Federal prosecutor who withdrew from Roger Stone case to tell Congress of political pressure from DOJ

Prosecutor to testify Roger Stone sentencing was politicized

Washington — A federal prosecutor who withdrew from the case involving Roger Stone, President Trump's longtime ally, is set to tell Congress that Stone's sentencing was handled in an "unprecedented way" by the Justice Department and that Stone received favorable treatment because of his relationship with Mr. Trump.

Aaron Zelinsky, an assistant U.S. attorney at the Justice Department since 2014, will tell the House Judiciary Committee on Wednesday that in his tenure as a federal prosecutor, he had "never seen political influence play any role in prosecutorial decision making — with one exception: United States v. Roger Stone," according to a copy of his opening statement disclosed by the panel.

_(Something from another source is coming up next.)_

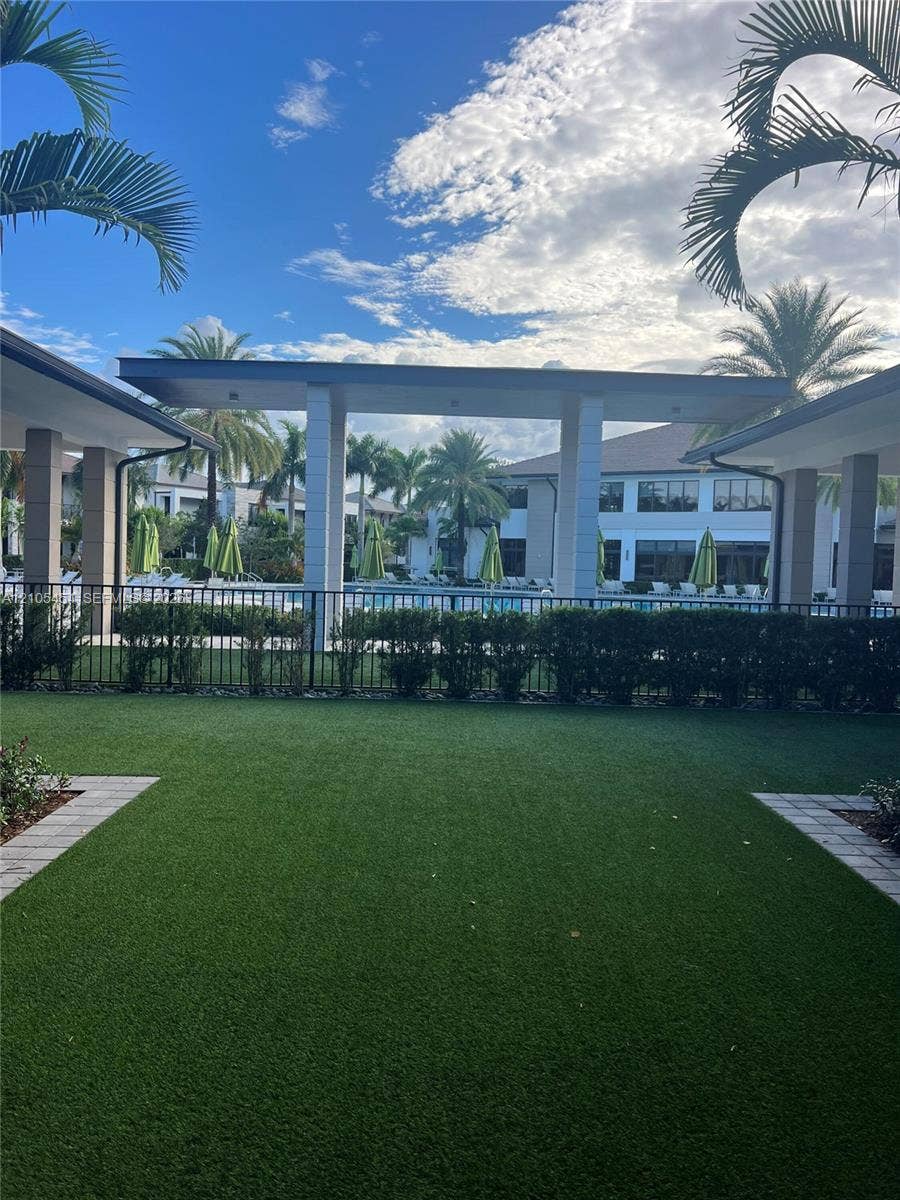 4745 NW 84th Court, #20, Doral, FL 33166 Expansive artificial turf lawn with paver stone borders and surrounding shrubbery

"What I saw was the Department of Justice exerting significant pressure on the line prosecutors in the case to obscure the correct Sentencing Guidelines calculation to which Roger Stone was subject – and to water down and in some cases outright distort the events that transpired in his trial and the criminal conduct that gave rise to his conviction," Zelinsky will tell the Democrat-led committee.

He will also reveal to lawmakers that he repeatedly heard Stone was "being treated differently from any other defendant because of his relationship to the president."

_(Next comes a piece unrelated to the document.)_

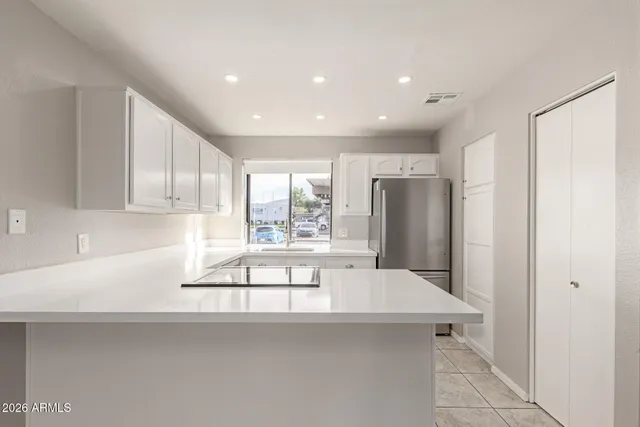 a kitchen with stainless steel appliances a sink and a refrigerator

According to a copy of his opening remarks, Zelinsky intends to tell the Judiciary Committee that he was informed that the acting U.S. attorney for the District of Columbia, Timothy Shea, "was receiving heavy pressure from the highest levels of the Department of Justice to cut Stone a break, and that the U.S. Attorney's sentencing instructions to us were based on political considerations."

"I was also told that the acting U.S. attorney was giving Stone such unprecedentedly favorable treatment because he was 'afraid of the president,'" Zelinsky will say. "That explanation was deeply unsettling."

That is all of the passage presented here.